Data shown
******
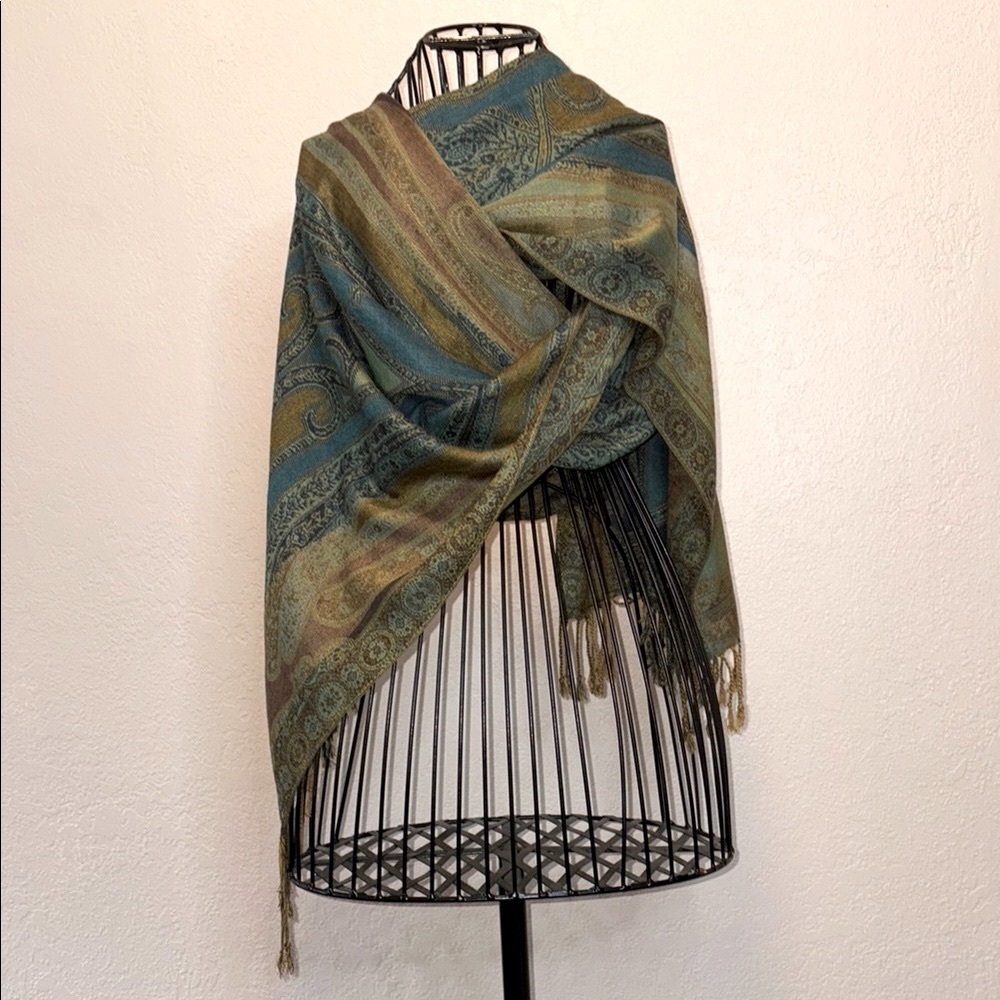 Elegant Multicolor Paisley Shawl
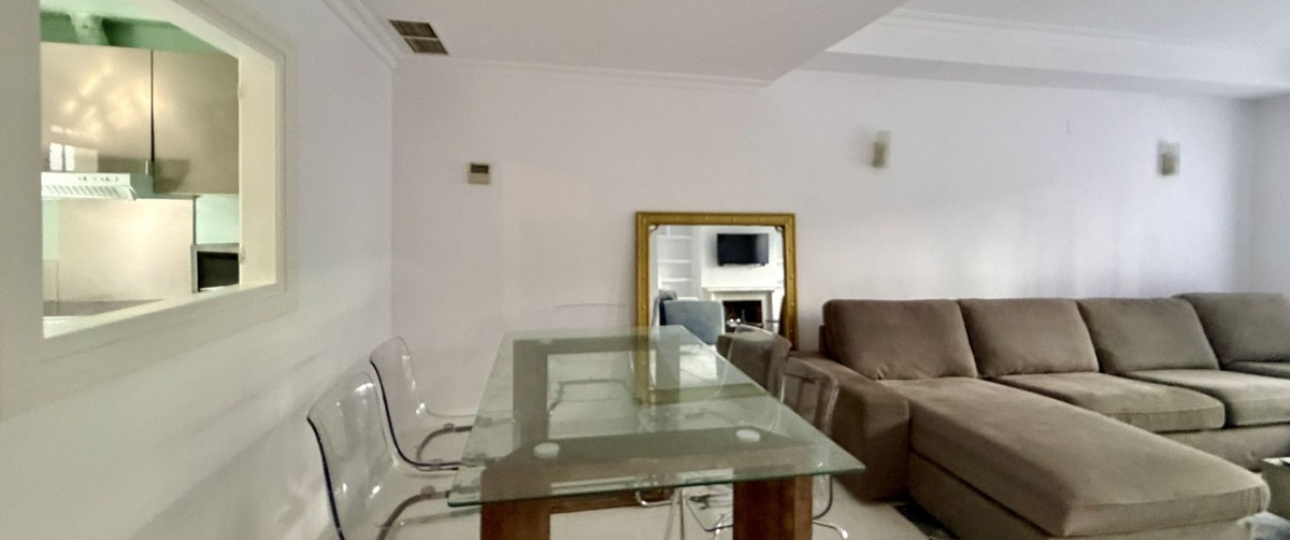 Resale - Town house - Marbella - Guadalmina Baja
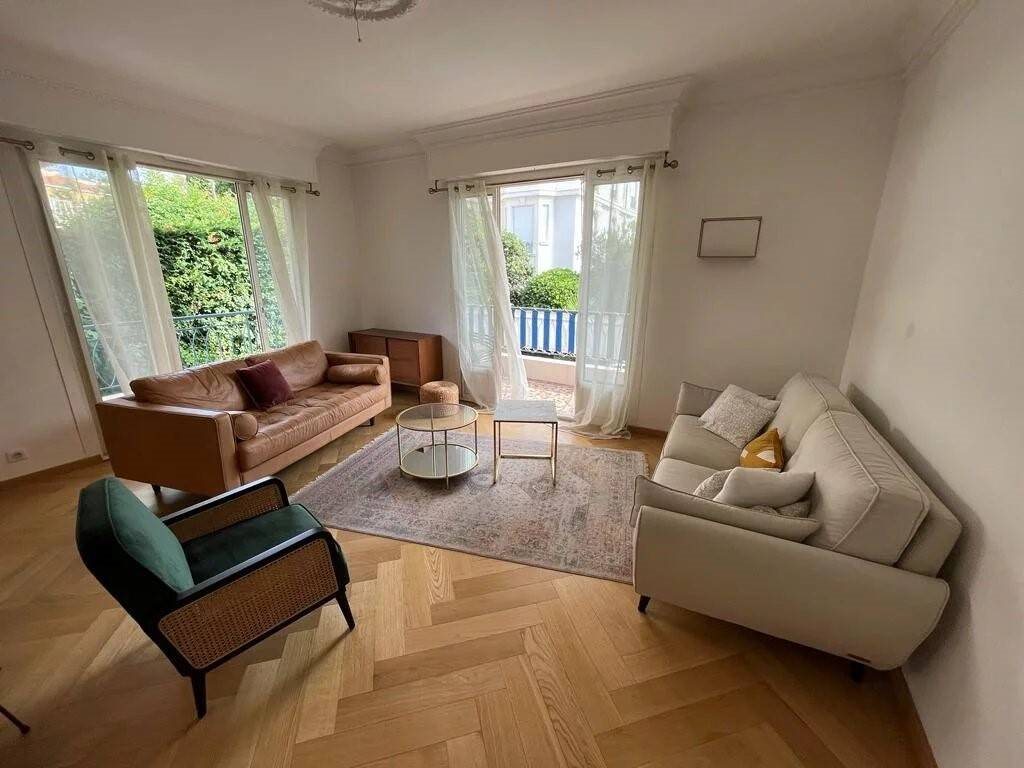 Appartement à louer, 72m², Nice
******
What is expected
Output the listing above exactly, but leave its pictures behind.

Written response
 Elegant Multicolor Paisley Shawl
 Resale - Town house - Marbella - Guadalmina Baja
 Appartement à louer, 72m², Nice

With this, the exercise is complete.